**Extracted records**

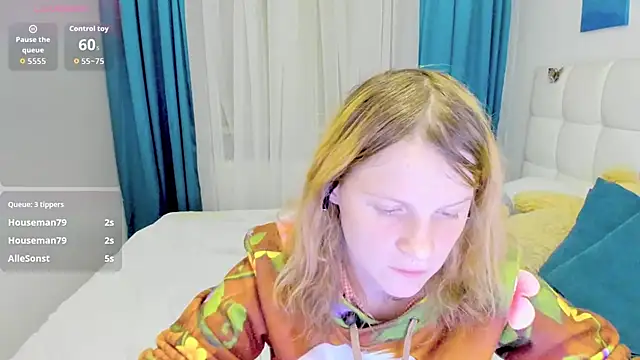 Kathlyn  Heath online show from November 15, 9:16 pm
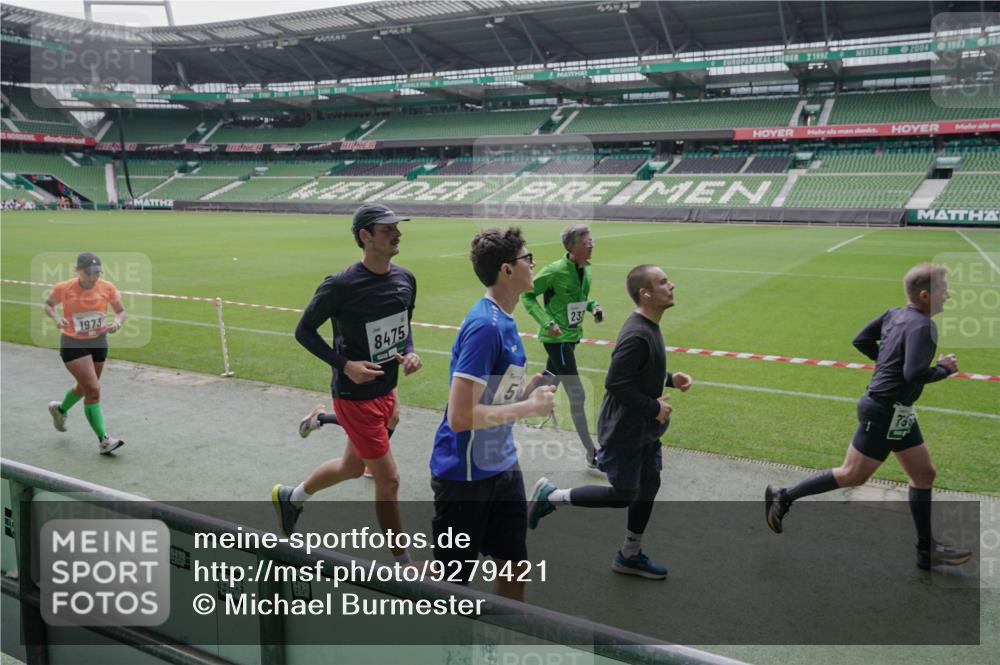 05.10.2025 - 20. swb-Marathon Bremen Michael Burmester http://msf.ph/oto/9279421 05.10.2025 13:01:04 Laufen im Stadion 52, 58, 72, 156, 335, 440, 488, 498, 575, 1017, 1082, 1116, 1182, 1238, 1273, 1423, 1471, 1968, 1973, 1998, 2007, 2196, 2235, 2330, 2369, 2433, 2446, 2504, 2661, 2668, 2706, 2712, 2806, 2822, 2995, 3160, 3209, 3293, 3360, 3604, 3605, 3979, 4034, 4035, 4128, 4216, 4263, 4329, 4502, 4788, 5011, 5048, 5080, 5121, 5150, 5183, 5272, 5329, 5414, 5610, 5663, 5727, 5752, 5836, 5841, 5985, 6027, 6057, 6082, 6440, 6523, 6704, 47, 271, 283, 491, 694, 1606, 1806, 2518, 2745, 2915 meine-sportfotos.de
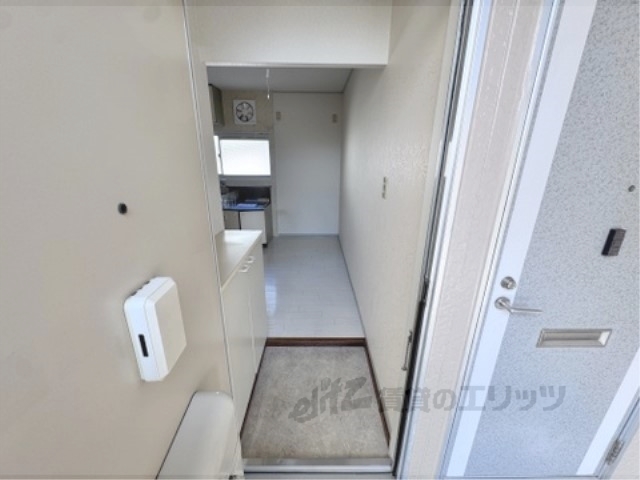 玄関　角部屋です！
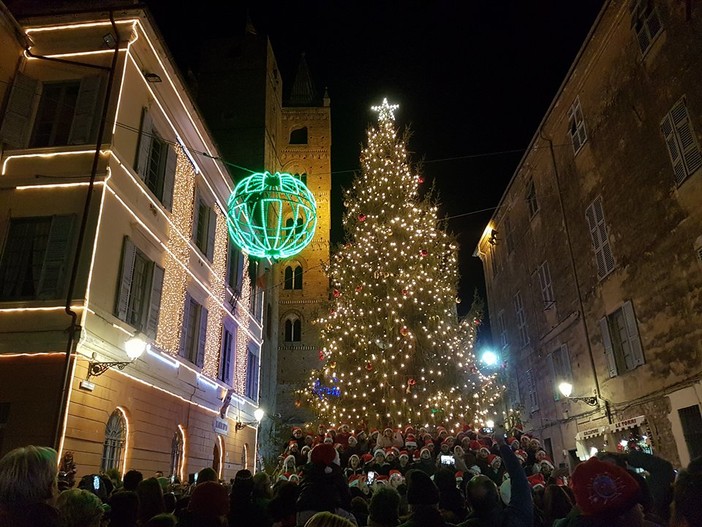 Albenga, accese le luci dell'albero di Natale in Piazza San Michele nel ricordo di Emma Enrico Albenga, accese le luci dell'albero di Natale in Piazza San Michele nel ricordo di Emma Enrico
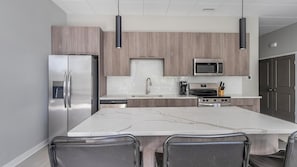 Réfrigérateur, tables à manger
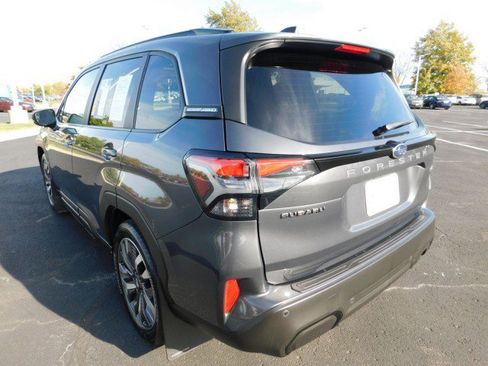 Used 2025 Subaru Forester Touring image 8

**Task statement**
Output every record exactly, minus the pictures.

**Output for this task**
 Kathlyn  Heath online show from November 15, 9:16 pm
 05.10.2025 - 20. swb-Marathon Bremen Michael Burmester http://msf.ph/oto/9279421 05.10.2025 13:01:04 Laufen im Stadion 52, 58, 72, 156, 335, 440, 488, 498, 575, 1017, 1082, 1116, 1182, 1238, 1273, 1423, 1471, 1968, 1973, 1998, 2007, 2196, 2235, 2330, 2369, 2433, 2446, 2504, 2661, 2668, 2706, 2712, 2806, 2822, 2995, 3160, 3209, 3293, 3360, 3604, 3605, 3979, 4034, 4035, 4128, 4216, 4263, 4329, 4502, 4788, 5011, 5048, 5080, 5121, 5150, 5183, 5272, 5329, 5414, 5610, 5663, 5727, 5752, 5836, 5841, 5985, 6027, 6057, 6082, 6440, 6523, 6704, 47, 271, 283, 491, 694, 1606, 1806, 2518, 2745, 2915 meine-sportfotos.de
 玄関　角部屋です！
 Albenga, accese le luci dell'albero di Natale in Piazza San Michele nel ricordo di Emma Enrico Albenga, accese le luci dell'albero di Natale in Piazza San Michele nel ricordo di Emma Enrico
 Réfrigérateur, tables à manger
 Used 2025 Subaru Forester Touring image 8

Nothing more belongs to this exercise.